1. Celebrations. It’s important to set the tone of a meeting at the beginning. As the facilitator of the meeting, you create the climate and conversation by the way you lead into the situation. Starting every meeting off with student celebrations allows you to set the tone for the meeting in a way that is collaborative and engages everyone in participating.

I like to start by having everyone go one by one to share something related to an area that the student has improved in or is doing well with, or anything positive about the student. This strategy allows staff to humanize students beyond their behavior and not see their negative behavior as the sole focus of the conversation.

2. Student strengths. The meeting often spirals because we shift too much of our focus on circumventing the student’s deficits as opposed to thinking about what strengths the student brings to the classroom. When we focus on student strengths, we can shift our focus from a deficit-based intervention model to thinking about how to use what a student excels at within their behavioral interventions. For example, if a student responds well to predictability and structure, including a visual schedule in their day and doing a morning check-in when the schedule may be different is a way to think about their strength and turn it into an intervention.

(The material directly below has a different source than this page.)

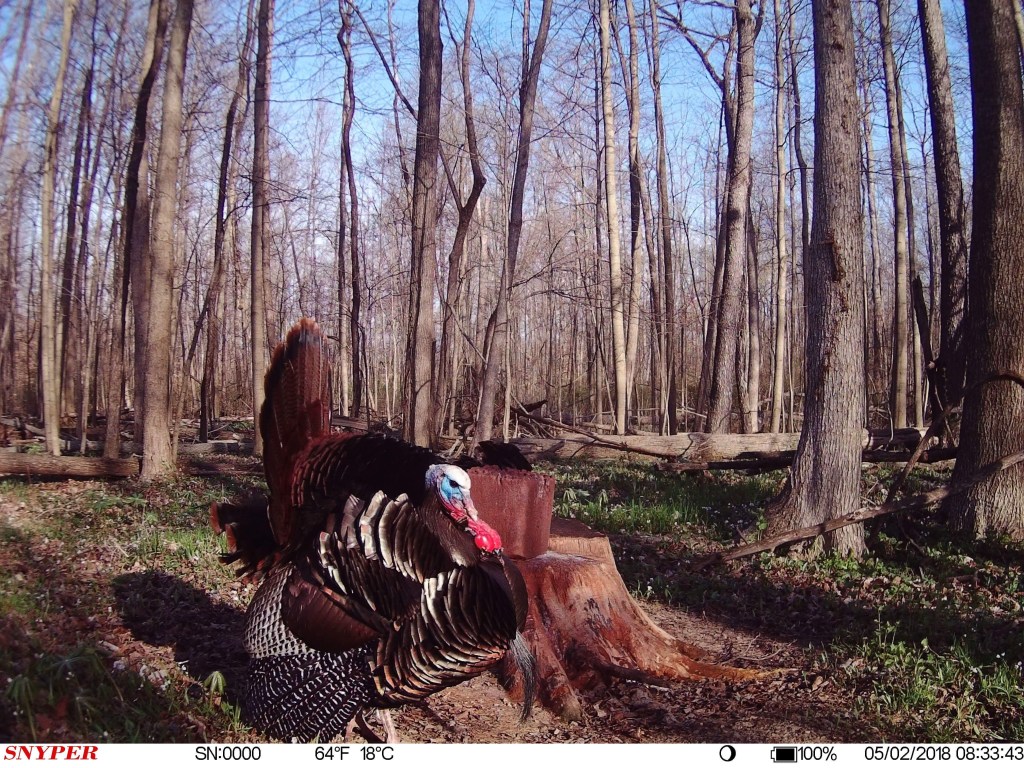 Trail Cam Tuesday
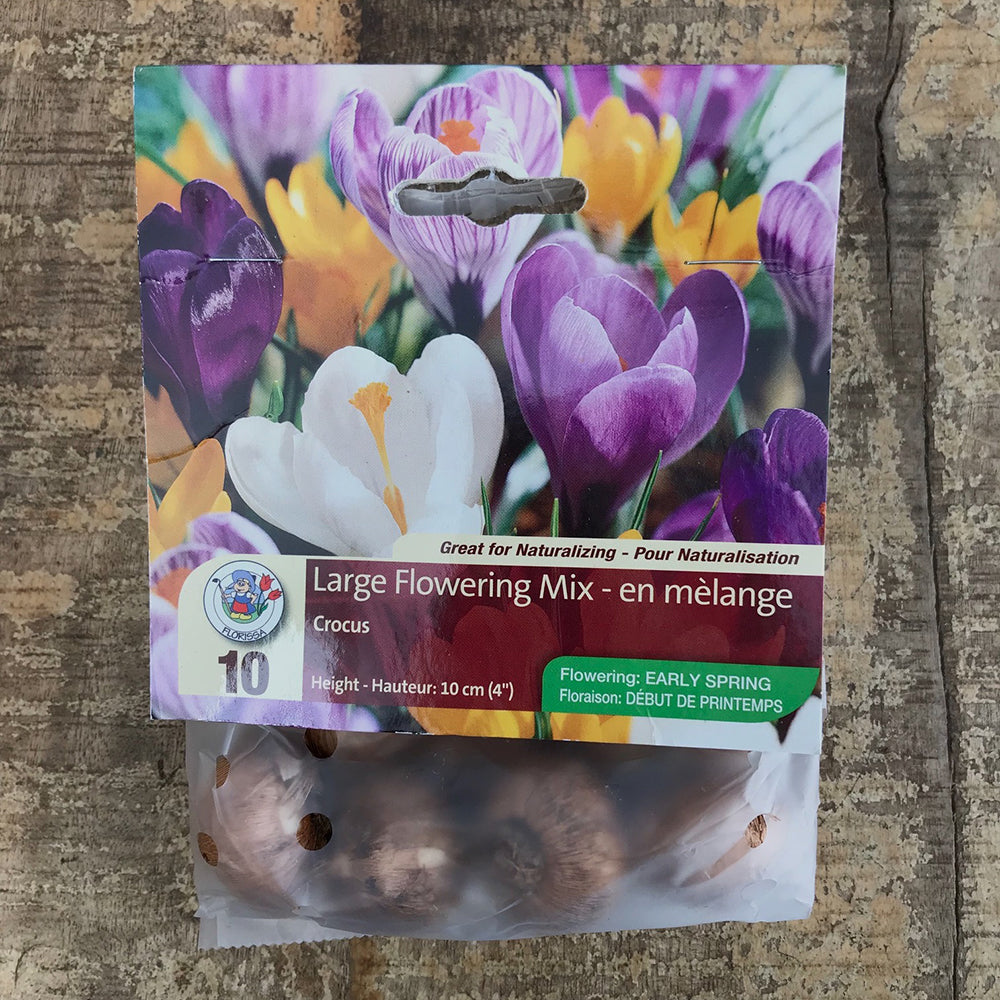 Crocus 'Mixed Colours'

3. Behaviors and barriers. Once we’ve acknowledged a student’s accomplishments and strengths, it’s time to identify their particular challenges in order to bridge the gap between deficit-based thinking and solution-focused action steps.

In this part of the meeting, it’s important to meet your staff’s emotional need to be heard—all while categorizing behaviors in a way that allows alignment with interventions. This can begin with staff taking the time to name all the student’s behaviors and barriers and then categorizing them into groups based on similar qualities.

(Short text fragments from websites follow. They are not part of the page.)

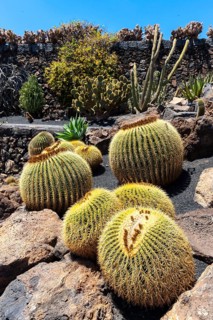 Giant Barrel Cactus (Echinocactus platyacanthus)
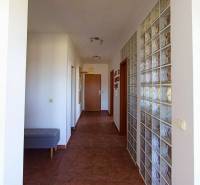 A hallway in a 3-room apartment with brown tiles and a glass block wall.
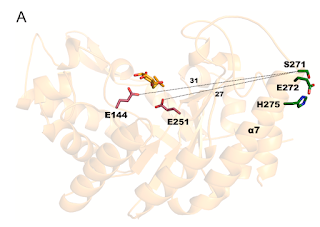 Una enzima, dos funciones
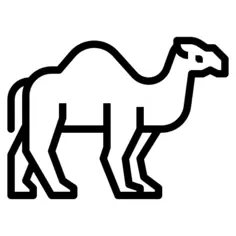 Camel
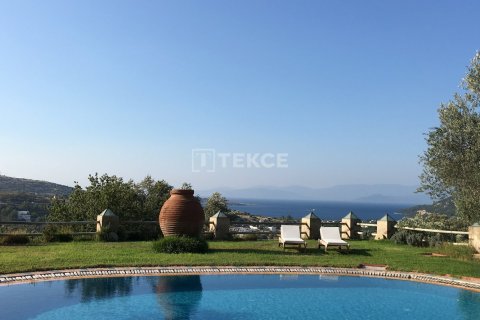 12 chambres Villa à Bodrum, Turkey No. 17803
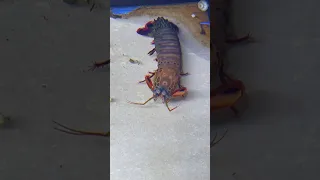 Mantis Shrimp VS Goliath Tigerfish | Which animal would you rather keep?!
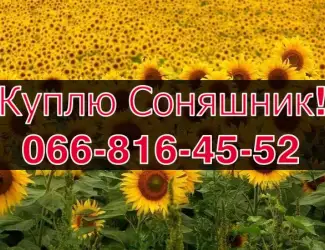 Зображення для оголошення Куплю на постійній основі СОНЯШНИК!Деталі за телефоном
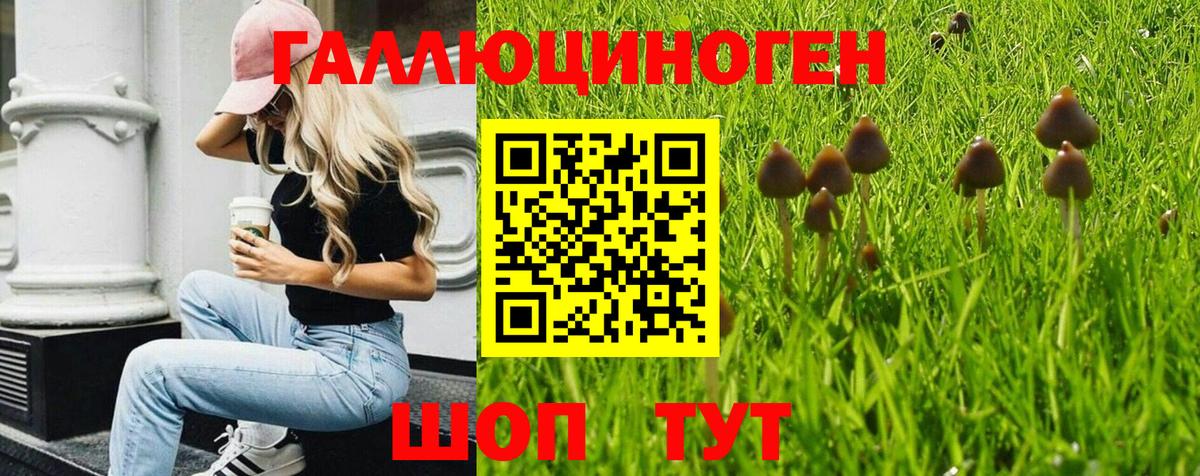 Галлюциногенные грибы Psilocybe  как найти   Вход с VPN  Кемерово  Псилоцибиновые грибы Psilocybe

Creating time limits around this part of the meeting can help to avoid spiraling and encourage the staff to focus on developing a supportive student plan. For example, set a three-minute timer and prompt staff to “name all the barriers you see with this student” and write them down for everyone to see. When the timer goes off, it will be easy to identify the student’s particular skill deficit.

4. Targeted intervention. Now that we’ve categorized the behaviors and identified the skills that the student needs to learn, we can align interventions that provide the necessary support.

To do this, lead staff in the appropriate direction by using intentional questions and guiding them back to a solution-focused mindset. Utilize sentence starters (“I notice/wonder...,”“I see this skill deficit... Can we teach?...,” “The student has this strength… How can we?…”) that facilitate inquisitive conversation and positive movement.

In staff meetings, I’ve found that the following statements work well:

  • “I wonder what would happen if we tried that strategy when they’re engaging in that behavior.”
  • “I notice that the student responds well to new staff members. I wonder how we can embed some new staff into their week.”
  • “One of the student’s strengths was responding well to staff predictability. I wonder how we could use that to support their transitions around the building.”
  • “I noticed that the student struggles the most during math. I wonder how we could target some more math intervention for them.”
  • “One of the student’s strengths was reading. I wonder if we could increase regulation by embedding quiet reading breaks throughout their day.”

Structure Yields Positive Results

Creating a structure and guiding framework around how to talk about challenging student behavior allows staff to have solution-based conversations instead of ones that continue to glorify the problem and contribute to the negative narrative around a student’s behavior. Harnessing and uplifting student accomplishments and strengths are pivotal in the process of creating supportive communities around students. This moves meetings and conversations around challenging behavior from furious ones to curious ones, where we see the whole student beyond the behavior they present to us.